Legislative Activity

Finding a Way to Fund the Nation’s Highways…The Debate Continues

Prior to adjourning for the Memorial Day recess, lawmakers passed legislation that extended highway funding authority for a two-month period through July 31. Now, with Congress set to return to Washington this week, lawmakers will yet again be tasked within finding a way to fund the nation’s highways. The upcoming extension, however, will be more difficult than the last given that it will require additional revenue. Unhappy with the most recent two-month extension, Senate Finance Committee Chairman Orrin Hatch (R-UT) is soon likely to unveil his $11 billion proposal to fund the Highway Trust Fund through the end of the year, which is expected to be a mix of a General Fund transfer and a hodgepodge of pay-fors – which he has identified, but not yet revealed.

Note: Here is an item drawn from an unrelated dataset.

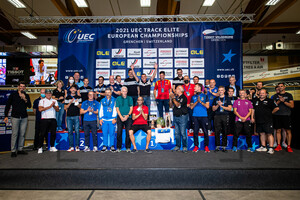 GIESIGER Daniel: UEC Track Cycling European Championships – Grenchen 2021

In terms of how to actually pay for a six-year surface transportation reauthorization, it appears that lawmakers on the Senate Finance Committee are likely to propose using repatriation (in the context of international tax reform) as the source of funding. It is expected that such an approach is likely soon to be proposed by the International Tax Reform Working Group, which appears near to reaching an agreement on its recommendations to the full Committee. With regard to the Ways and Means Committee, Representative Charles Boustany (R-LA) is in the process of “trying to write a good bill on international” that will be introduced “in a matter of weeks.”  Notably, Representative Boustany’s focus is in line with Chairman Paul Ryan’s (R-WI) plan to prioritize international tax reform as a “down payment on tax reform.”

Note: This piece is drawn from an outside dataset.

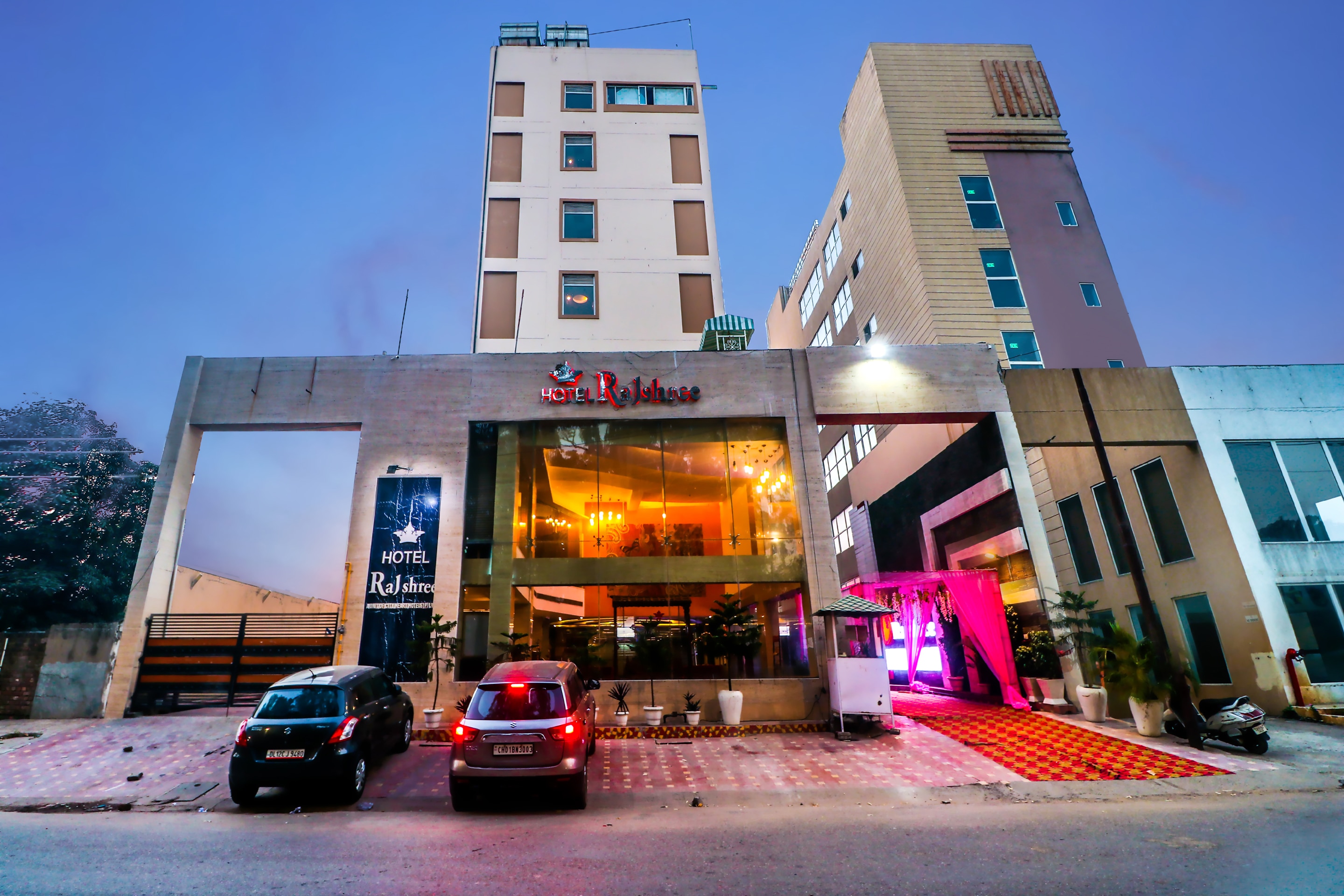 Hotel Rajshree Spa Chandigarh Hotel Price Address Reviews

JCT, CBO Move Forward with Dynamic Scoring

As highlighted previously, the Joint Committee on Taxation (JCT) is well under way in its efforts to use dynamic scoring for estimating the cost of certain significant pieces of legislation. Moreover, given that the FY 2016 Budget Resolution directs both the JCT and the Congressional Budget Office (CBO) to prepare macroeconomic estimates of major tax and spending legislation, the CBO recently indicated that it will “devote considerable attention to further developing our capacity to conduct dynamic analysis in the coming year” and has already shifted resources towards that end. Moreover, according to CBO Director , legislative scores that incorporate dynamic analysis “will include all of the information typically presented in cost estimates as well as information on the macroeconomic effects and the uncertainty surrounding those effects.”

Regulatory Activity

Treasury Proposes Changes to Model Tax Treaty

The Treasury Department has proposed changes the U.S. Model Income Tax Convention – which was last updated in 2006 – in an effort to, among other things: (1) address “special tax regimes” that provide low tax rates on mobile income, such as interest and royalties; (2) prevent U.S. tax treaty partners from encouraging corporate inversions (as dividends paid by an expatriated entity would be able to be taxed in accordance with the domestic law of the United States for a period of ten years beginning on the date on which the acquisition of the domestic entity was completed); and (3) generally discourage base erosion and profit shifting (BEPS). According to Treasury, “[w]e want the draft to influence the debate at the OECD” on BEPS. Treasury is set to meet with the Organisation for Economic Co-operation and Development (OECD) in June to further discuss the BEPS Project.